Here’s my current idea: have a slider for each coefficient, and a column of predicted values constructed using a formula like

InterceptSlider + coeff1slider * xvar1 + coeff2slider * xvar2 + …

(not sure if I would have that pre-constructed, or ask students to construct it themselves), then construct a column of residuals. Have (or have them construct) a graph with x=prediction, y=residual. Have them use the Ruler option to show the mean & SD[footnote 1] of the residuals, and suggest that they play with the sliders to get the mean to be basically 0 and the SD to be as small as they could get it. Maybe have the slider values pre-set to something reasonable but not optimal.

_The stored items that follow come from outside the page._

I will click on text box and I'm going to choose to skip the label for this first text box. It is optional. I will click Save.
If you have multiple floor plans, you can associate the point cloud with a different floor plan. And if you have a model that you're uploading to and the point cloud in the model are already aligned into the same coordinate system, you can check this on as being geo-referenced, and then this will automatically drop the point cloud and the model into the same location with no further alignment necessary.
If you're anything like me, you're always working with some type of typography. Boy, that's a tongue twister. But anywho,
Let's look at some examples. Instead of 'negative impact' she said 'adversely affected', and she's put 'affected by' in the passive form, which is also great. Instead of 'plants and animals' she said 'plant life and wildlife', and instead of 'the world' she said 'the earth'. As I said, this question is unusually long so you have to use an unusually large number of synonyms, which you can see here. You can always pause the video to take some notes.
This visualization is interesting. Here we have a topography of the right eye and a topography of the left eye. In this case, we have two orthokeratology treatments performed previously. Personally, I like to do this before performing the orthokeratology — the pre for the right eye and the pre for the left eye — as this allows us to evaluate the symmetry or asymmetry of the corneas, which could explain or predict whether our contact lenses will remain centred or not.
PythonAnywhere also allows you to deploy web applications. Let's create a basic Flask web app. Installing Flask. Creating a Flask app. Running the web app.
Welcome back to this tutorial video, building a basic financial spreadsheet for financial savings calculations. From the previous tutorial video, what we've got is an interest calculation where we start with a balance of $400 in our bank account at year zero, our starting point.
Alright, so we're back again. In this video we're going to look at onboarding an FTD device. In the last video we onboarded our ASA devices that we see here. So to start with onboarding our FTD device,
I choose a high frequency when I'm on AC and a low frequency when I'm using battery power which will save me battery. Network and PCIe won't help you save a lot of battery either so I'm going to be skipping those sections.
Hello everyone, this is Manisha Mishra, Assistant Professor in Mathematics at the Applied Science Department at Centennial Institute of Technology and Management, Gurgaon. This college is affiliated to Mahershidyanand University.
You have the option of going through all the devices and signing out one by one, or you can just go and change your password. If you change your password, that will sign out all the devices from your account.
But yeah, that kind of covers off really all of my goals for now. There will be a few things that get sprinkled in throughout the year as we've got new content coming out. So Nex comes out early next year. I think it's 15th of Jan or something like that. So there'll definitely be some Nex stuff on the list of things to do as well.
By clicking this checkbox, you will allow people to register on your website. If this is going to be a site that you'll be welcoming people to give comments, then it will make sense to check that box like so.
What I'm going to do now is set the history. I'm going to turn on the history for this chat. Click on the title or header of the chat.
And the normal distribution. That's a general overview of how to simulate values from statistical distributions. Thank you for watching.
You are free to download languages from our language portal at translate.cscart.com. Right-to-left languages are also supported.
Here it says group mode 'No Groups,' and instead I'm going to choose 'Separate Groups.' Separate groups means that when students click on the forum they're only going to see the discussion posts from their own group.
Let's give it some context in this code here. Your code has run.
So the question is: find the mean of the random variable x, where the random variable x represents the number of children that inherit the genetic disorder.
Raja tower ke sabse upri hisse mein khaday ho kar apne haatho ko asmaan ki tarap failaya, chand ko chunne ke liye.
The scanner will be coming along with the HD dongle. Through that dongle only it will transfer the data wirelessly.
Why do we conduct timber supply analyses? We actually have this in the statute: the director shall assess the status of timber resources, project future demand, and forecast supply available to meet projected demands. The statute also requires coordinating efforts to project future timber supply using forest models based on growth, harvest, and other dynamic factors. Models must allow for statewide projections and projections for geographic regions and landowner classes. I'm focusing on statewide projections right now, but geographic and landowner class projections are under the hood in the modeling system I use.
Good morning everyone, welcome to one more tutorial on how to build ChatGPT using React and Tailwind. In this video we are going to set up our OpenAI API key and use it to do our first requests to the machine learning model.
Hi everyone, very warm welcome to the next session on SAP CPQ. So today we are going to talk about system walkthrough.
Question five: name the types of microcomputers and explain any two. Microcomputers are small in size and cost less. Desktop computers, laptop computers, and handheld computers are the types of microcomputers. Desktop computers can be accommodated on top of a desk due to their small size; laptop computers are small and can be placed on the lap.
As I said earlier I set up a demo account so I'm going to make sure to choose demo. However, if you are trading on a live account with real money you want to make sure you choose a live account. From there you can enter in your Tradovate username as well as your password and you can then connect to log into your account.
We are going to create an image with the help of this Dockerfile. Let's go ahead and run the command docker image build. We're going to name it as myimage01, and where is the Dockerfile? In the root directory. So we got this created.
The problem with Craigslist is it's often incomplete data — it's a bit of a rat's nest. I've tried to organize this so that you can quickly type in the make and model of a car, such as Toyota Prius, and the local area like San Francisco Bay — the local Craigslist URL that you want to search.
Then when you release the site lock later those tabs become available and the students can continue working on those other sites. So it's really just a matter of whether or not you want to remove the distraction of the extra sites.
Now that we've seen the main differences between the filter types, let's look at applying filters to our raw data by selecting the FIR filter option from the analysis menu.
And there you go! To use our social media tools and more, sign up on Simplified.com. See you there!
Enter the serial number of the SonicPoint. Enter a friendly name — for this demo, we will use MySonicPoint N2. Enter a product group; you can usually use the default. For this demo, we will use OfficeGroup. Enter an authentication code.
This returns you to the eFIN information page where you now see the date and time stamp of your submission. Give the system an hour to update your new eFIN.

Then, have them open a text box that had been minimized that says what the optimal coefficient values are (perhaps quoting output from using lm() in R), and then they copy those to the slider values and see that the mean of the residuals ends up 0 and the SD of the residuals ends up smaller than they got it to be by playing around.

Then they can spend time interpreting the coefficients, for example. And perhaps construct predictions for new datapoints that weren’t in the dataset. Maybe also compute R^2. Computing the SE or CI for each coefficient would be too hard, but if the output from lm() in R is included in a textbox, they could at least discuss or think about the SE or CI.

Has anyone done this? Does anyone see issues that I’m not seeing, or have ideas for improving it?

Something similar could be done with a Logistic-type regression or multiple regression, too!

[footnote 1: I know that technically we should divide by n-#params rather than n-1, so SD isn’t quite the right thing, but I’m willing to go for the streamlined approach in intro stat, leaving the better version for a later stats class.]